Agree that last three are brown.


----------



## lilruffian (Jun 28, 2010)

The foal is a buckskin. No grulla or dun because neither parent carries the gene. Palomino/cream typically dilutes, which is what has happened in this case, causing a buckskin out of a brown/bay.


----------



## NdAppy (Apr 8, 2009)

IMO the foal is a brownskin/smokey brown.


----------



## Poseidon (Oct 1, 2010)

Definitely brownskin IMO.


----------



## New_image (Oct 27, 2007)

I understand the palomino giving the 50/50 at a dilute  

Just curious as to calling her a buckskin or a smokey brown.

Thanks for opinions!


----------



## texasgal (Jul 25, 2008)

If she's brownskin .. then she's both! Right?


----------



## lilruffian (Jun 28, 2010)

I would wait for awhile.
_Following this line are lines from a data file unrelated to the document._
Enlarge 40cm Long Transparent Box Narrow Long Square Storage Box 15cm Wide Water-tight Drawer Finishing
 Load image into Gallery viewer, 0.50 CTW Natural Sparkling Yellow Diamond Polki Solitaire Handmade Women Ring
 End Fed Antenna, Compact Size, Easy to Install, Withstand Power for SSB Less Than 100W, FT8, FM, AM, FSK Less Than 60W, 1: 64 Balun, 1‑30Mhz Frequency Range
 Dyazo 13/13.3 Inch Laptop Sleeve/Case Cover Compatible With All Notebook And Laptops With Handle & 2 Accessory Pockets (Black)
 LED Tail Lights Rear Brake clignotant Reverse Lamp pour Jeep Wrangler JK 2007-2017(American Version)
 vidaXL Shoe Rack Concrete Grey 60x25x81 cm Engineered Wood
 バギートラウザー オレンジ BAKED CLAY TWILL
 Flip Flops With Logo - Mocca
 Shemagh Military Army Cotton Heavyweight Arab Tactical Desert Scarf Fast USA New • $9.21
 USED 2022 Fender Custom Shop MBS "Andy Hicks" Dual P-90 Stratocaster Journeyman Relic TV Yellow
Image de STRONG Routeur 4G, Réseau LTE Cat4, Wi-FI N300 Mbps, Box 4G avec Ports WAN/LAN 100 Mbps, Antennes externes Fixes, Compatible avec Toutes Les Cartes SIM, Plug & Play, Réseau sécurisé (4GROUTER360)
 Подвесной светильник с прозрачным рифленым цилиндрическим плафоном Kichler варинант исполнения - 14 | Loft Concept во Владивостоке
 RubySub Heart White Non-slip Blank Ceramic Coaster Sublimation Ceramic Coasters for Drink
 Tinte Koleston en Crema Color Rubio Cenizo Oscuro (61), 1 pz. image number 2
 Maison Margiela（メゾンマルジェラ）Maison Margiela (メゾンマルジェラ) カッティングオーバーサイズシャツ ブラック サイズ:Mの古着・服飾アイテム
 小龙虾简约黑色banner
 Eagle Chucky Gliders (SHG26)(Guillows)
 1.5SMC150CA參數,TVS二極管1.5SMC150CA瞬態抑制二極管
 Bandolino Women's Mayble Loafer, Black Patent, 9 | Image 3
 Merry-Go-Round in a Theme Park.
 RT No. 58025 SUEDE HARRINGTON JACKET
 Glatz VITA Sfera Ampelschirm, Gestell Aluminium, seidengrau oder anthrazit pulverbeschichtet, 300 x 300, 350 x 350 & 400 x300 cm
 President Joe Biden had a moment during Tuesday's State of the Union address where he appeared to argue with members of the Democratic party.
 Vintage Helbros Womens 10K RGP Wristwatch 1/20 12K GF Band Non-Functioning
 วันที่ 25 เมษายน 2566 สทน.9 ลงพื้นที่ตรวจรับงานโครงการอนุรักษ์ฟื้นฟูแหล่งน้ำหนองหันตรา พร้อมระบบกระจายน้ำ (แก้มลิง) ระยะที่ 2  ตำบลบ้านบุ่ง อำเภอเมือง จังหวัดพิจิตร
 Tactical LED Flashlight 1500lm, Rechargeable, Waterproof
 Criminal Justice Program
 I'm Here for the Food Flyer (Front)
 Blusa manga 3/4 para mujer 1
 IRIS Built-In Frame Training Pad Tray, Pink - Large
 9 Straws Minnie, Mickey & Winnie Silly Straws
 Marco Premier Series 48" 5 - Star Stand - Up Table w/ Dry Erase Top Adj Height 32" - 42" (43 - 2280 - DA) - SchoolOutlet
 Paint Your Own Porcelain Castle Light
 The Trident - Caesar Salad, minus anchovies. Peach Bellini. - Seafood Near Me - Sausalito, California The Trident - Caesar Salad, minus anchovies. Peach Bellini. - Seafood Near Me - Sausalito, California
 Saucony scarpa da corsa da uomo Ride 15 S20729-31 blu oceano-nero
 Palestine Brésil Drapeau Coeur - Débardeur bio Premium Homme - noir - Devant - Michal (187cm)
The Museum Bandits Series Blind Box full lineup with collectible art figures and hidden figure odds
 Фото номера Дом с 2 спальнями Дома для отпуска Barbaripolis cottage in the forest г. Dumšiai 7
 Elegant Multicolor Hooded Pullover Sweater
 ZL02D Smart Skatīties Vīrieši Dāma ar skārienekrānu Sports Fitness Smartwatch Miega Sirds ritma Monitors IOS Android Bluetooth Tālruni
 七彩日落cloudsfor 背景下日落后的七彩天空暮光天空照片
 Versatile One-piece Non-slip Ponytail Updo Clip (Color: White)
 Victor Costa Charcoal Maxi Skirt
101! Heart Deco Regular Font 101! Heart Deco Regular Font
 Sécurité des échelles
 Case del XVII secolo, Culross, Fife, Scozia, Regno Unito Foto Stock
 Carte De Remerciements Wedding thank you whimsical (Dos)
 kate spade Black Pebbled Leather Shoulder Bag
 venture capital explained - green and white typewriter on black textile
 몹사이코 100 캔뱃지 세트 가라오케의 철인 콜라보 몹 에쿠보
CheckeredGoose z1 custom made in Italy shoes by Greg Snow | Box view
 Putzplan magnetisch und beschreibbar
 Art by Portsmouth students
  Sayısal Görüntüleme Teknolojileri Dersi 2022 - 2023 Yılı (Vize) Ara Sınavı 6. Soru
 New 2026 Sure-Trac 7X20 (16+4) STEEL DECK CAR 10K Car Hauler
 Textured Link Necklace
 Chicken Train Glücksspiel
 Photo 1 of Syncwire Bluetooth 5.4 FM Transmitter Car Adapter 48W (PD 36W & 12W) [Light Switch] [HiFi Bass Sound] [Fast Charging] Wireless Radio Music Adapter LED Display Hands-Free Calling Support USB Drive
My buckskin filly turned all sorts of colors until she was about a year and is now definitely a buckskin


----------



## Poseidon (Oct 1, 2010)

Seeing as her dam is brown and she was born looking that dark and has shed out even darker, she is definitely a brownskin.


----------



## TexasBlaze (Oct 4, 2010)

I though it looked like a buckskin before i even knew the father was dilute so DEFINITALLY a brown w/ cream dilute. Whichever you want to call it! Looks like what is considered a smoky buckskin in most circles. You could definitally tell it was when it was a baby too. Really light there!


----------



## lilruffian (Jun 28, 2010)

The mare kinda looks black bey to me since she sheds out redish.
My old mare was brown and produced a buckskin with a palomino sire. 
She's always changing shades
3 days old








2 months and she got alot more sooty








At 4 months she got some golden tones








This is her as a yearling and still every spring she gets a bit darker around the eyes and sotty highlights


----------



## ThirteenAcres (Apr 27, 2012)

Yep. I'd call it a brownskin as well. And cast my vote for brown on all the horses in question in the OP.


----------



## Nokotaheaven (Apr 11, 2012)

To me the filly just looks like a buckskin. But in her darker baby photos to me she looks like a sooty dun.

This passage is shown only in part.